Considerations on bias.
Finally, as a part of the Article 6 Commission’s moves toward greater inclusion, UNLV Professors Rebecca Wood and Sylvia Lazos raised concerns about gender and racial bias. In their report, Gender & Race Bias in the Proposed Judicial Performance Evaluations: Some Preliminary Findings, they asserted, “Female and minority judges are the most likely to be evaluated harshly, even when the JPE system is well designed, because of unconscious biases.” See the Report at SSRN-id1556011.pdf.
Last month, Senator Harry Reid (D-Nevada) said as much when he took the American Bar Association’s Ratings Board to task for the low ratings given his judicial nominee, Las Vegas Attorney Gloria Navarro, See Sen. Reid Critical of ABA Judicial Nominee Evals.
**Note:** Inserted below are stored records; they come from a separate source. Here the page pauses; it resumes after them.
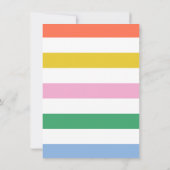 L'Avenir Coloré Semble Clair Faire-part Grad (Dos)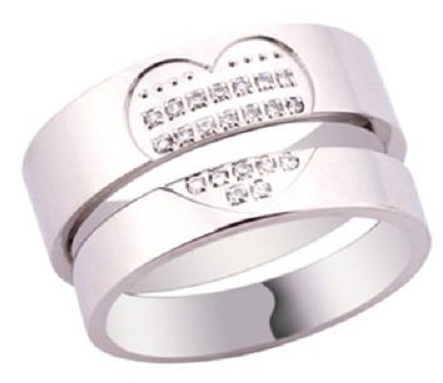 Couples rings tumbler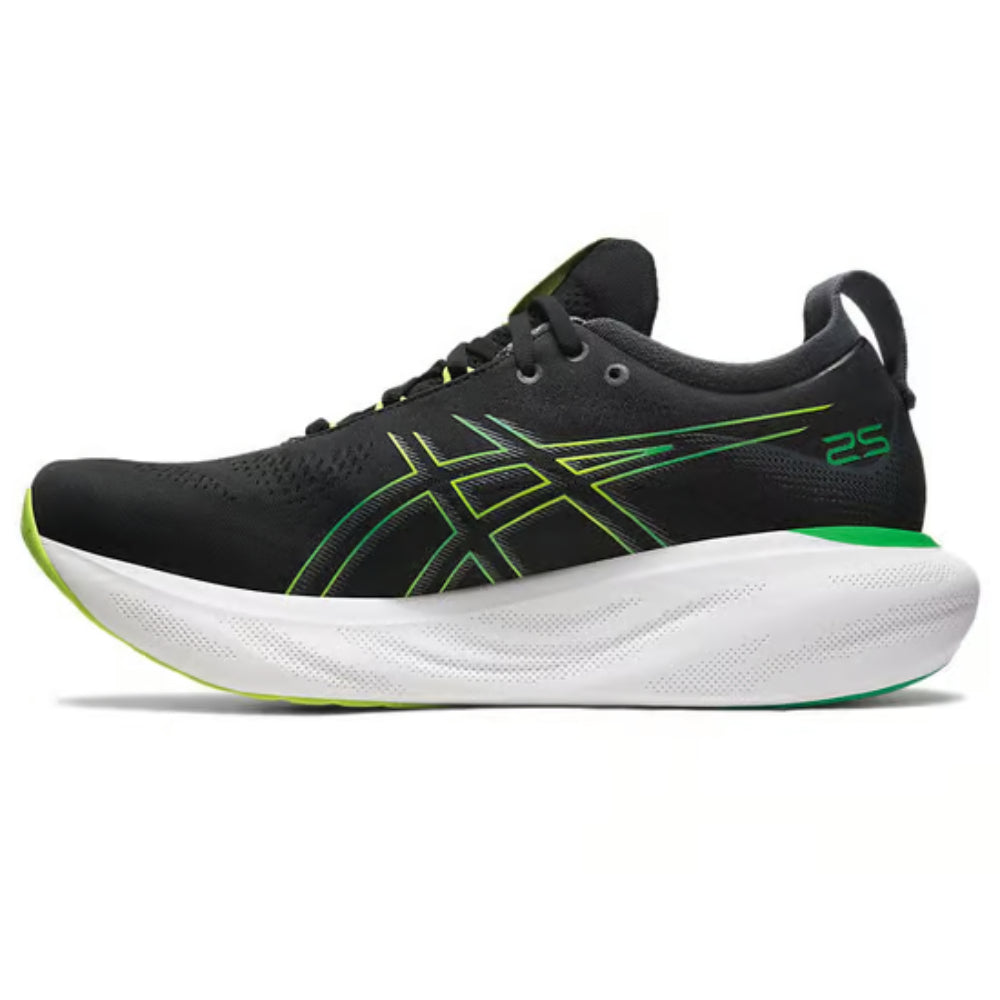 asics Gel-Nimbus 25 new running Black,Lime Zest Shoes
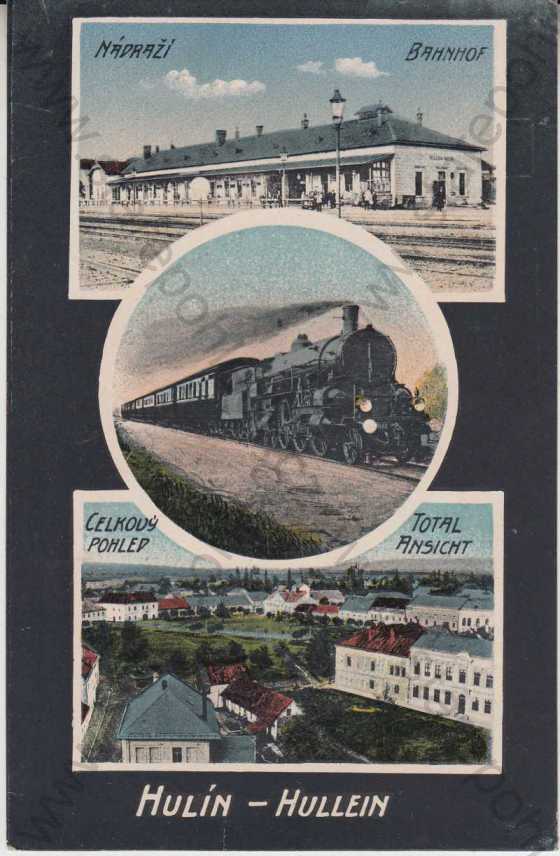  - Hulín - Nádraží, Celkový pohled / Hullein - Bahnhof, Totalansicht
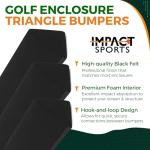 39” Golf Simulator Enclosure Triangle Bumper Guards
Besides telling them “to get a new life,” the annoyed Reid also added, ‘Let’s get somebody on the court that has not been a judge.’ They need to do more than thinking of themselves as these people who walk around in these robes in these fancy chambers.”
Perhaps its wasn’t accidental but with the ABA Rating Board’s low marks of Navarro, a Hispanic female, and Reid’s accompanying outburst, the present discussion about bias toward women and minorities by judicial performance evaluations is a timely one.
Ultimately, it may be that the Commission’s recommendations toward enhancing the judicial evaluation system won’t fully resolve the ongoing concerns over the current system. But if a decision is ever made to broaden the breadth of survey respondents, it must not come at the expense of diluting its greatest value, which lies in promoting judicial self-improvement and an informed electorate.
And this is done by giving lawyers the overarching role in the process, as they are the ones that know judges best and are best equipped by training and experience to judge those who also judge.